NOTICE OF RESOLUTIONS

of

AEW UK REIT PLC

(the "Company")

Passed 12 September 2018

At a General Meeting of the above named Company, duly convened and held at The Cavendish Hotel, 81 Jermyn Street, St James', London, SW1Y 6JF on 12 September 2018 commencing at 12:15, the following resolutions were passed, Resolutions 1 and 3 as Special Resolutions and Resolution 2 as an Ordinary Resolution.

Resolution 1 – Special Resolution

THAT the new articles of association (in the form produced to the General Meeting and signed by the Chairman for the purposes of identification) be adopted as the articles of association of the Company in substitution for and to the exclusion of the existing articles of association.
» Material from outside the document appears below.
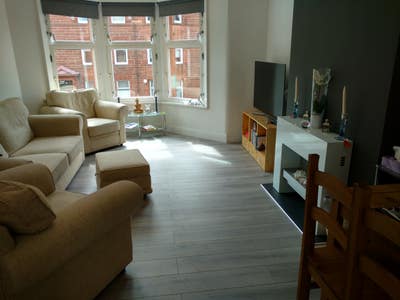 Double rooms in Shawlands. &pound;650 per month  Main Photo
Resolution 2 - Ordinary Resolution

THAT conditionally upon the passing of Resolution 1, the Directors be and are generally and unconditionally authorised pursuant to and in accordance with section 551 of the Companies Act 2006 (the "Act") to exercise all the powers of the Company to allot up to: (i) 250 million ordinary shares of £0.01 each in the capital of the Company ("Ordinary Shares"); and/or (ii) 250 million convertible redeemable preference shares of £0.01 each in the capital of the Company ("C Shares" and, together with the Ordinary Shares, the "Shares") pursuant to a potential share issuance programme as more particularly described in the shareholder circular of the Company dated 24 August 2018 (the "Share Issuance Programme"), such authority to expire at the earlier of the close of the Share Issuance Programme (unless previously renewed, varied or revoked by the Company at a general meeting) and 30 June 2020, save that the Company may, at any time prior to the expiry of such authority, make an offer or enter into an agreement which would or might require Shares to be allotted after the expiry of such authority and the Directors may allot Shares in pursuance of such an offer or agreement as if the authority conferred hereby had not expired. Any authority passed at the Company's annual general meeting also held on 12 September 2018 shall continue to have full force and effect

Resolution 3 – Special Resolution

THAT subject to the passing of Resolution 2 above, the Directors be and they are empowered pursuant to sections 570 to 573 of the Act to allot Shares for cash pursuant to the authority referred to in Resolution 2 above as if section 561 of the Act did not apply to any such allotment provided that this power: (i) shall be limited to the allotment of 250 million Ordinary Shares and/or 250 million C Shares; and (ii) expires at the earlier of the close of the Share Issuance Programme (unless previously renewed, varied or revoked by the Company at a general meeting) and 30 June 2020, save that the Company may, at any time prior to the expiry of such power, make an offer or enter into an agreement which would or might require Shares to be allotted after the expiry of s uch power, and the Directors may allot Shares in pursuance of such an offer or agreement as if such power had not expired. Any authority passed at the Company's annual general meeting also held on 12 September 2018 shall continue to have full force and effect.